Re: Partitioning with a lot of number of partitions

From: Josh Kupershmidt <schmiddy(at)gmail(dot)com>
To: Aleksej Trofimov <aleksej(dot)trofimov(at)ruptela(dot)lt>
Cc: pgsql-novice(at)postgresql(dot)org
Subject: Re: Partitioning with a lot of number of partitions
Date: 2011-10-18 02:42:09
Message-ID: CAK3UJRFyeFkt_4M-rPX3uqq1mKk_7X8YJkHvcdpqUb8qpK4DeQ@mail.gmail.com
Views: Raw Message | Whole Thread | Download mbox | Resend email
Thread:
Lists: pgsql-novice

On Wed, Oct 12, 2011 at 10:09 AM, Aleksej Trofimov
<aleksej(dot)trofimov(at)ruptela(dot)lt> wrote:
> By the moment we are using PostgreSQL 9.1.0. Our database is about 270GB and
> currently we have a problem with our "hot" table which is about 120GB of
> data and 20GB index.

That sounds quite manageable with decent hardware.

> By "hot" I mean, that we have a lot of
> insert/update/select operations on this table (about 30/30/120 per second).
> This hot table is called coordinates. In our logic we have several
> definitions: Coordinate - basic packet of data; Object - basic unit, which
> sends coordinates; Client - client which own object.  One client may has a
> lot of object. and each object may has a lot  of coordinates. All
> coordinates are stored in coordinates table.
> So by the moment we have an issue with slow insert/select queries... this
> why we decided to partition this table.
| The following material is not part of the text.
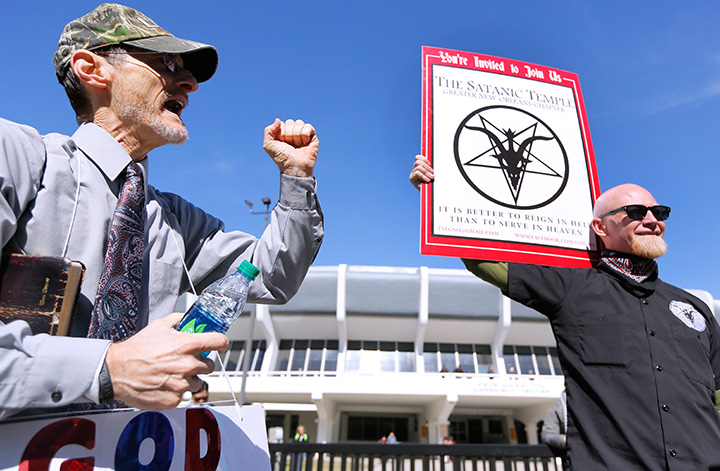 In this January 24, 2015 file photo, a member of The Satanic Temple protests outside of an all-day prayer rally in Baton Rouge, La.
We have tested 2 types of
> partitioning: By date (weekly), by object;
> This are our  results:
>
> SELECT QUERY (1 object):
>
> -----------------------------------------------------
> Partition type         |  M     |  W    |    D    |
> -----------------------------------------------------
> Non-partitioned     | 5830 | 460  | 2913  |
> Date(weekly)         | 1000 | 440  | 106    |
> Object                    | 0.02 | 0.03 |  0.009 |
> ------------------------------------------------------
>
> M - query for month period
> W - query for week period
> D - query for day period
> All times in ms.
>
> So according to our results, we have much greater performance using
> partitioning by Object,

Well hold on, your results only show the timings for "SELECT QUERY (1
object):" -- does this mean you're just selecting one row? If so, that
doesn't seem like a particularly useful performance benchmark. What
are the _real_ bottleneck queries for your application when you're not
using partitioning?

Also, 5830 ms seems like a lot for what amounts to an indexed (primary
key?) lookup of a single row -- how long does it take for you to
SELECT [some object ID] FROM original_unpartitioned_big_table; (try
the query a few times, with both same and different object IDs to get
a feel for cache effects).

BTW, If you do decide to partition based on objects, you don't have to
make a partition for each object ID, if there are 5000 of those. You
can partition based on ranged of object IDs.

> BUT we have a lot of object (about 5000, and
> planning to connect 2-5 times bigger object count next year). This plans
> leads to the firs question:
>
> 1) How postgres would "like" such a big count of partitions? Will it
> decrease performance in future?

5000 partitions is going to incur significant planner overhead for
each query; check the docs and archives (search term "large number of
partitions" or similar).

> By the moment we noticed several performance
> issues with the big count of object id in such conditional statement: SELECT
> * FROM coordinates_object.coordinates WHERE object_id in (HERE ARE SEVERAL
> OBJECTS);
[snip]
> "              Filter: (object_id = ANY ('{722,728,727,248}'::bigint[]))"
> "Total runtime: 695.963 ms"
>
> 2) As you see from EXPLAIN, postgres is using array for filtering Filter:
> (object_id = ANY ('{722,728,727,248}'::bigint[]))", why?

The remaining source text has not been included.